I think this is due to lazy loading of libtensorflow_io.so. https://github.com/tensorflow/io/commit/85d018ee59ceccfae06914ec2a2f6d6583775ff7

Can you try adding something like this to your code:

import tensorflow_io
tensorflow_io.experimental.oss()
1
On

As far as I understand this happens because when you submit your training job to Cloud AI training, it is using a stock TensorFlow 2.5 environment that doesn't have tensorflow-io package installed. Therefore it is complaining that it doesn't know about 'IO>BigQueryClient' op defined in tensorflow-io package.

Instead you can submit your training job to be using a custom container: https://cloud.google.com/ai-platform/training/docs/custom-containers-training

You don't need to write a new Docker file, you can use gcr.io/deeplearning-platform-release/tf-cpu.2-5 or gcr.io/deeplearning-platform-release/tf-gpu.2-5 (if your training job needs GPU) that has the right version of tensorflow-io installed.

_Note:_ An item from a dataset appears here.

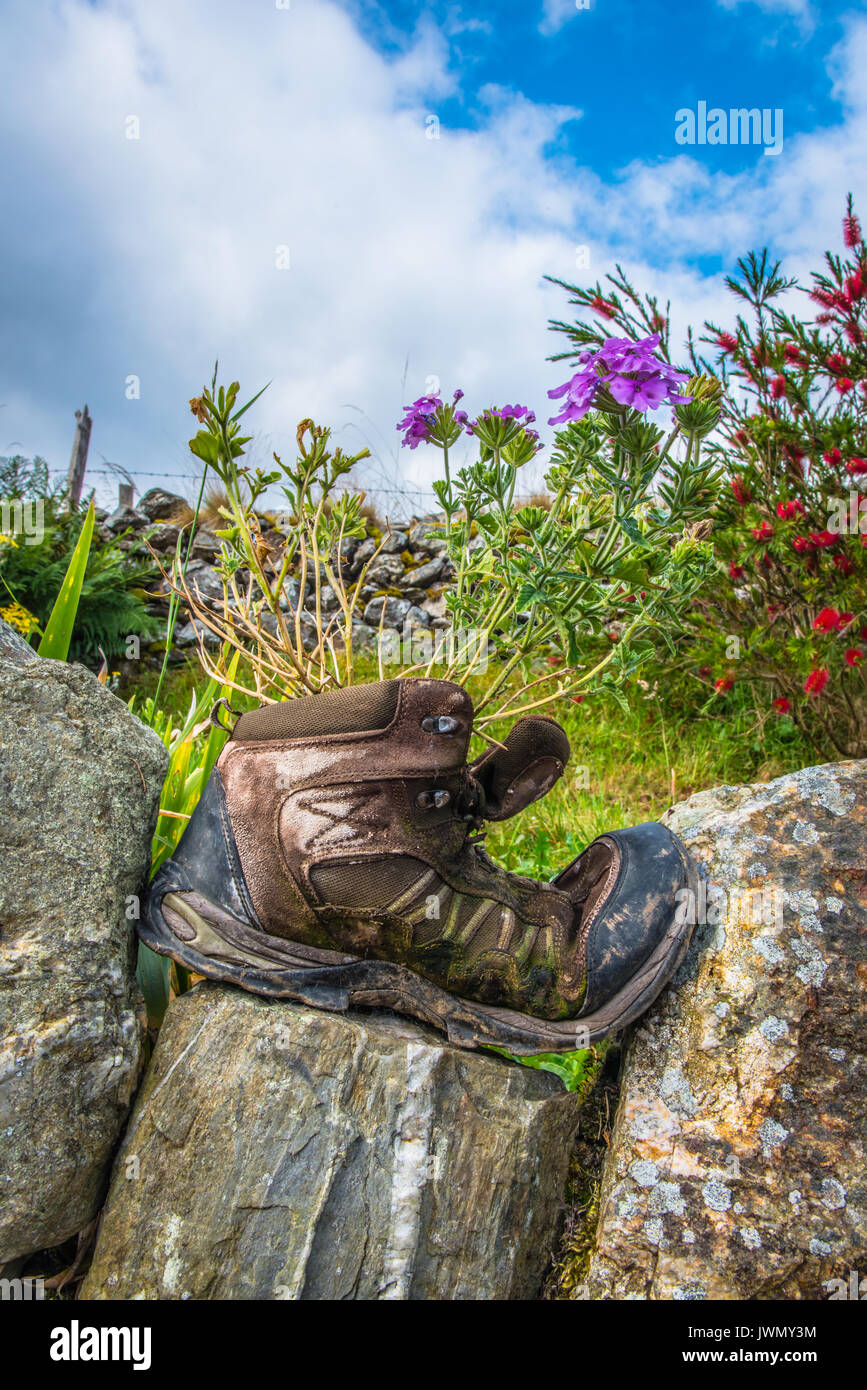 Hiking Boot with Flowers and Plants Planted In them on Stone Wall in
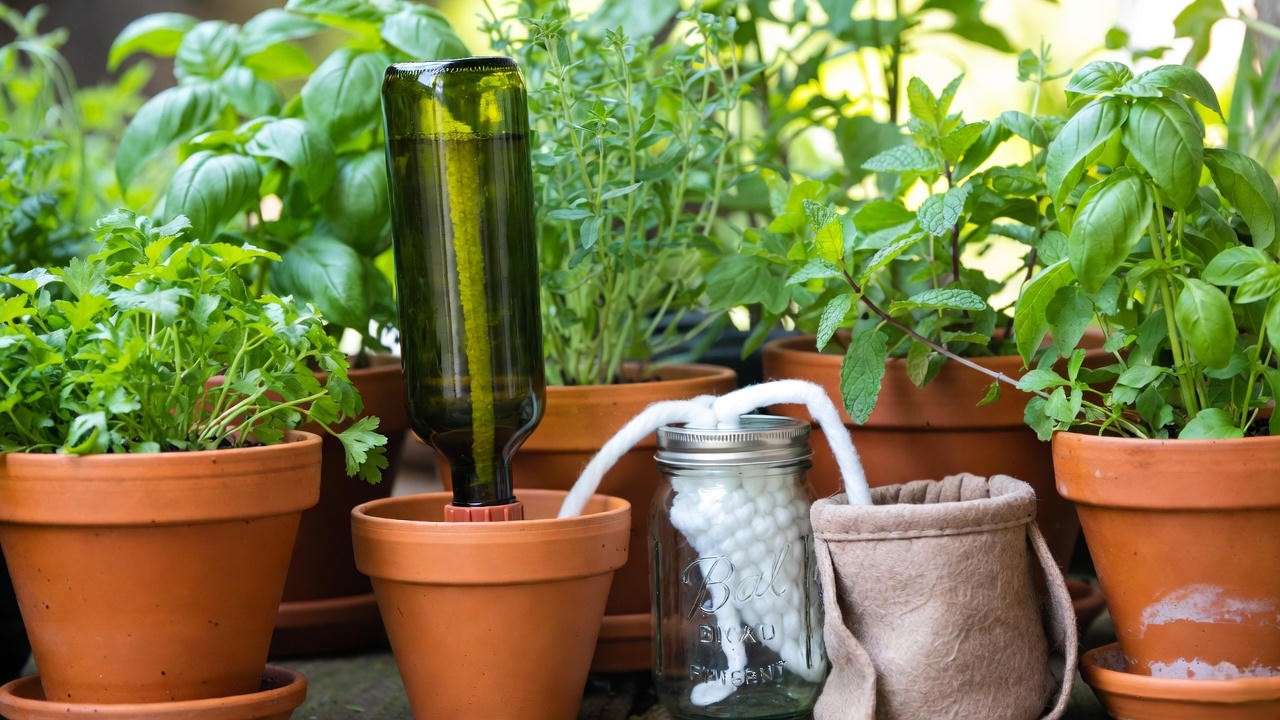 DIY watering systems for potted plants using wine bottles and wicks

You can read more about these containers here: https://cloud.google.com/tensorflow-enterprise/docs/use-with-deep-learning-containers

Here is my old example showing how to run a distributed training on Cloud AI using BigQueryReader: https://github.com/vlasenkoalexey/criteo/blob/master/scripts/train-cloud.sh

It is no longer maintained, but should give you a general idea how it should look like.